Crawled caption data
++++++++
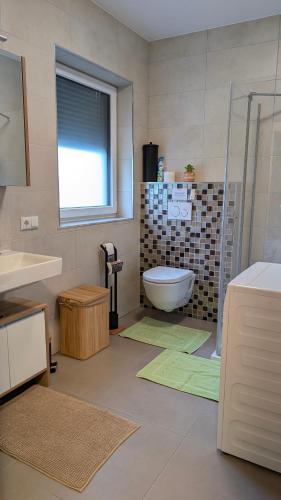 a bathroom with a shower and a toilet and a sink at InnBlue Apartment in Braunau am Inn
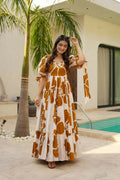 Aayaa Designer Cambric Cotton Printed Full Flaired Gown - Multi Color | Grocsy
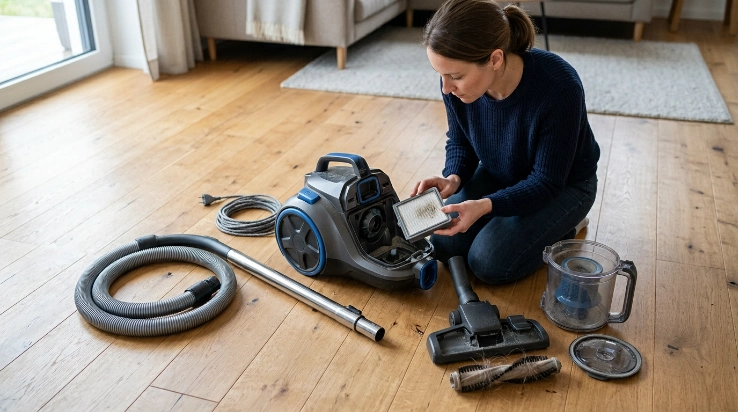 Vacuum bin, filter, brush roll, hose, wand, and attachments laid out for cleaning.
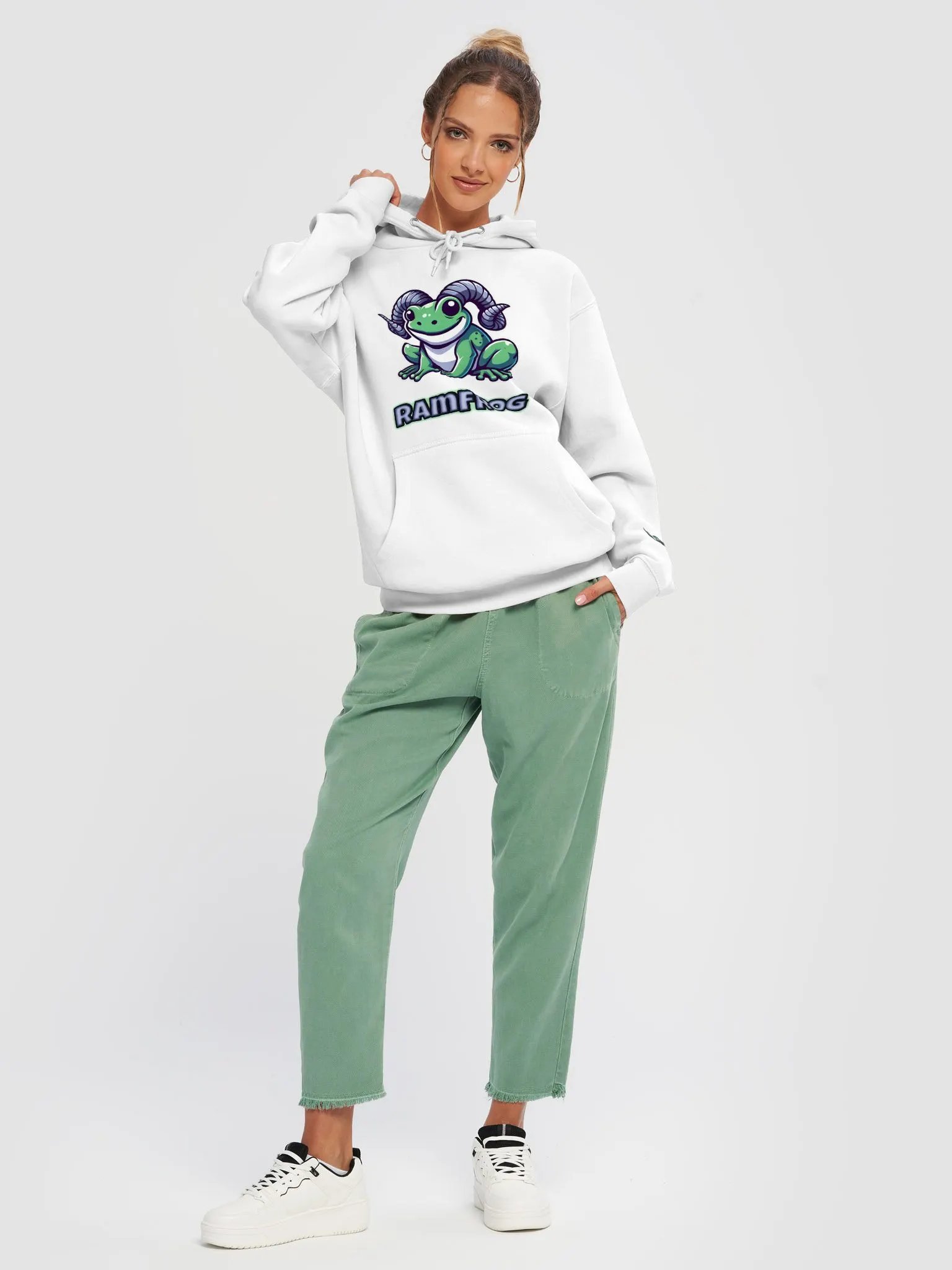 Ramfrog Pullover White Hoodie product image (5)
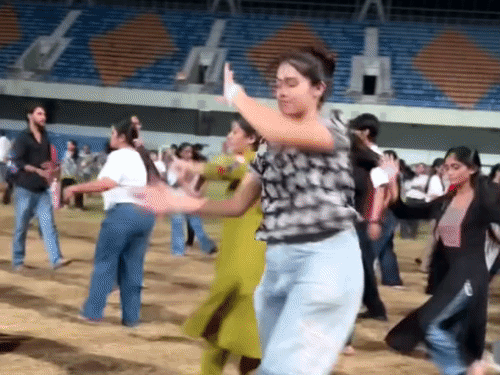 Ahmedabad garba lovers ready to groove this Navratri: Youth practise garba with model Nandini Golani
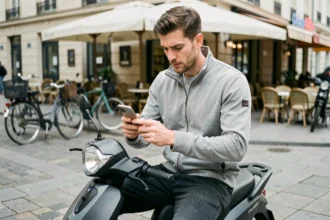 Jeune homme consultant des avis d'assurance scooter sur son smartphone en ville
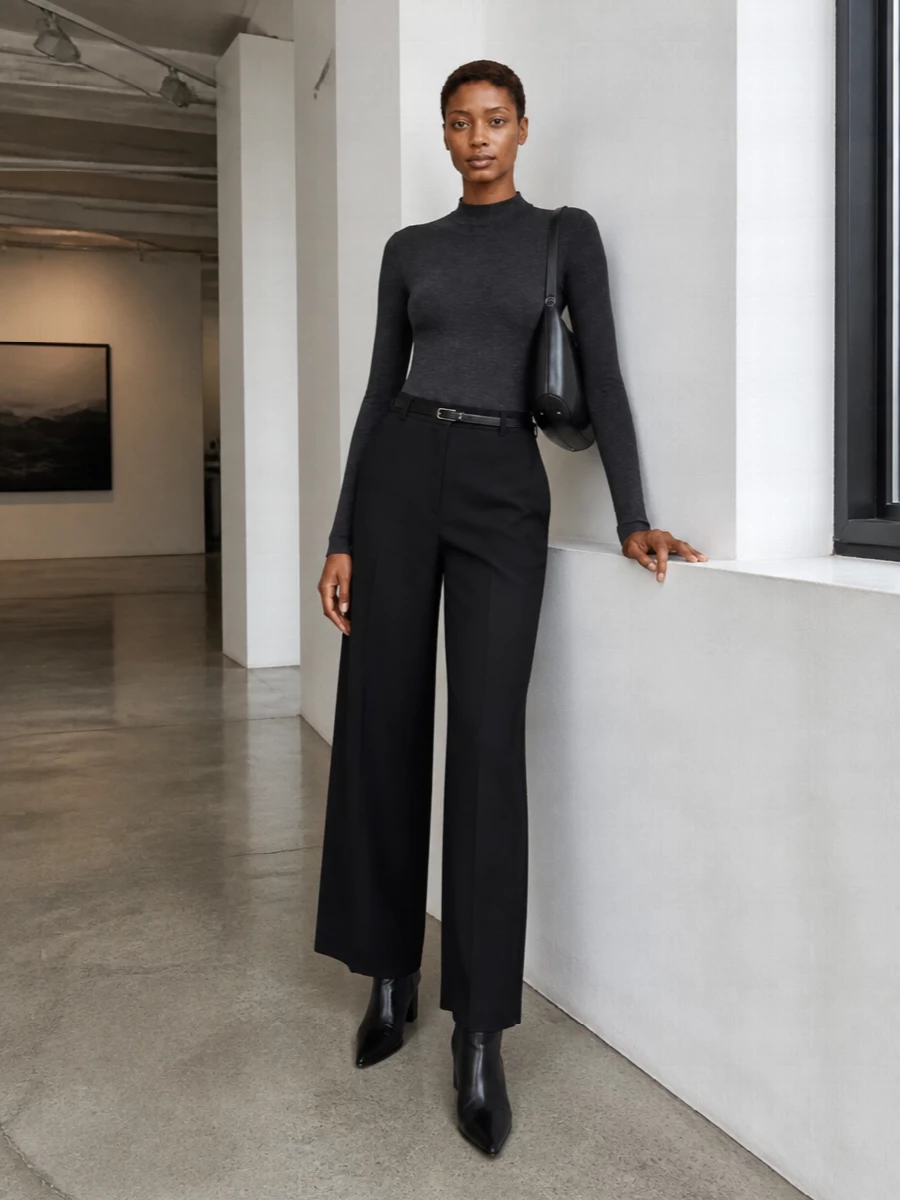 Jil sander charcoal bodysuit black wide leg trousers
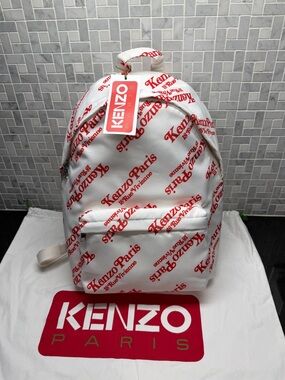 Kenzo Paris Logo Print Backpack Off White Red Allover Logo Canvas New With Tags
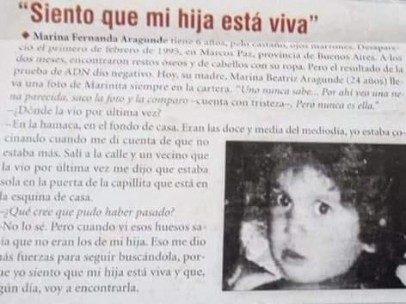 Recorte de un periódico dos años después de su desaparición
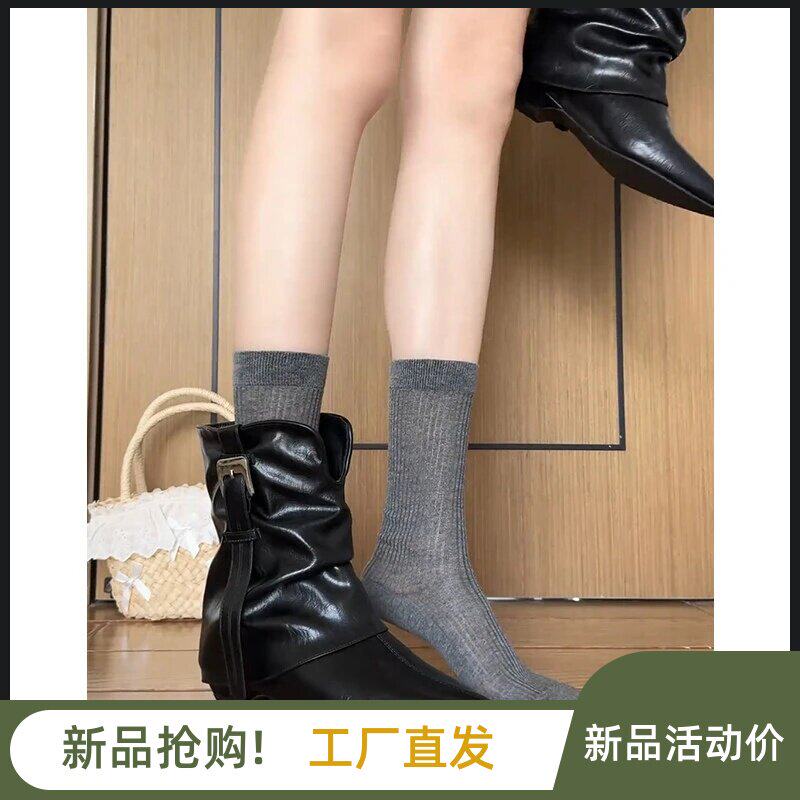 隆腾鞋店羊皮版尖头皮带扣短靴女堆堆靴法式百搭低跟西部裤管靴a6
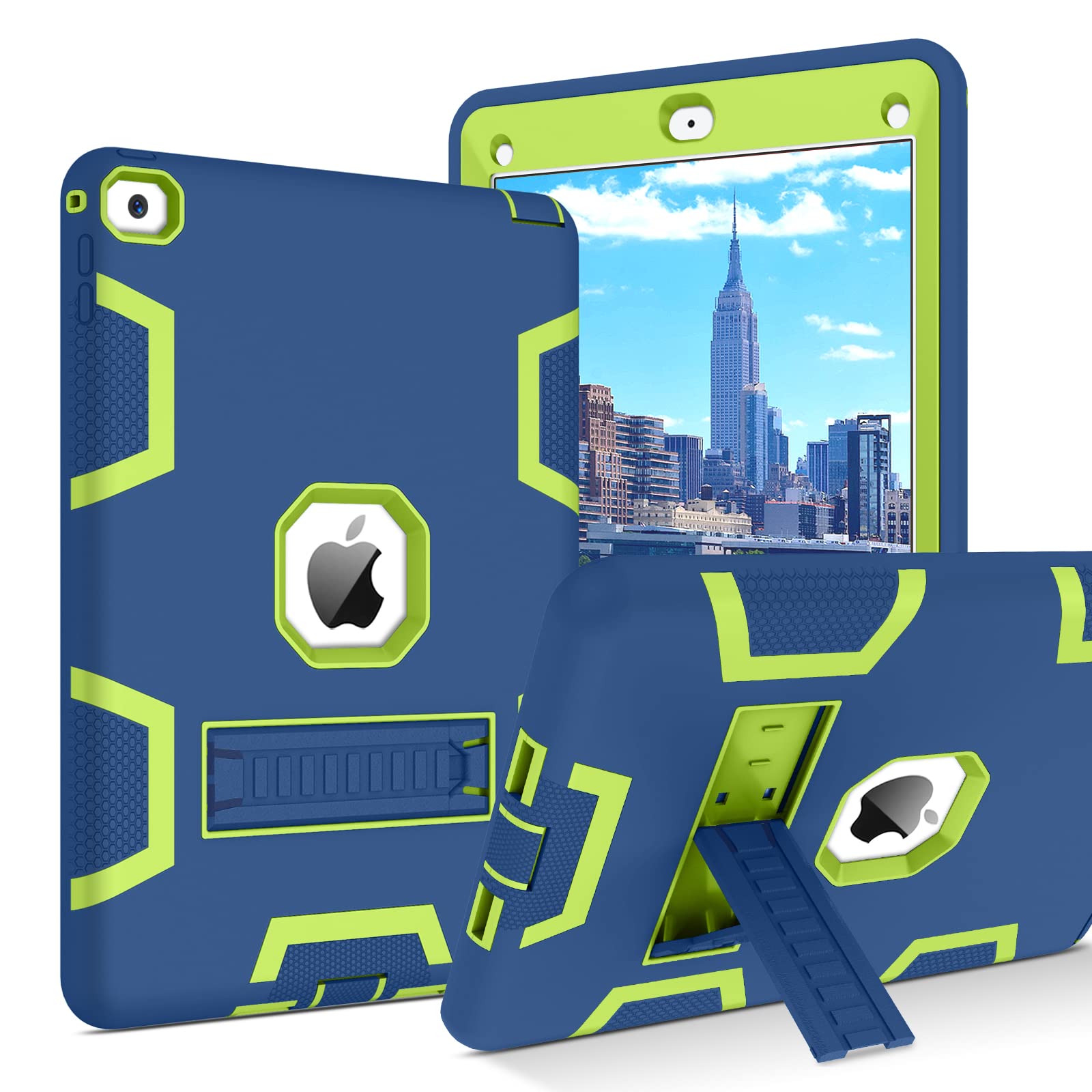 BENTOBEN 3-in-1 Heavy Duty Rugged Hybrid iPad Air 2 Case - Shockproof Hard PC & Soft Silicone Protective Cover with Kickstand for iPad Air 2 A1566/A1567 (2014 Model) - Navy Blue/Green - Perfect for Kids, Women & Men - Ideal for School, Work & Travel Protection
++++++++
** EXERCISE BRIEF **
Above are the records; copy exactly the lines from the one with "Aayaa Designer Cambric" through the one with "Jeune homme consultant", including both, and nothing more. Leave out pictures.

** TASK RESULT **
 Aayaa Designer Cambric Cotton Printed Full Flaired Gown - Multi Color | Grocsy
 Vacuum bin, filter, brush roll, hose, wand, and attachments laid out for cleaning.
 Ramfrog Pullover White Hoodie product image (5)
 Ahmedabad garba lovers ready to groove this Navratri: Youth practise garba with model Nandini Golani
 Jeune homme consultant des avis d'assurance scooter sur son smartphone en ville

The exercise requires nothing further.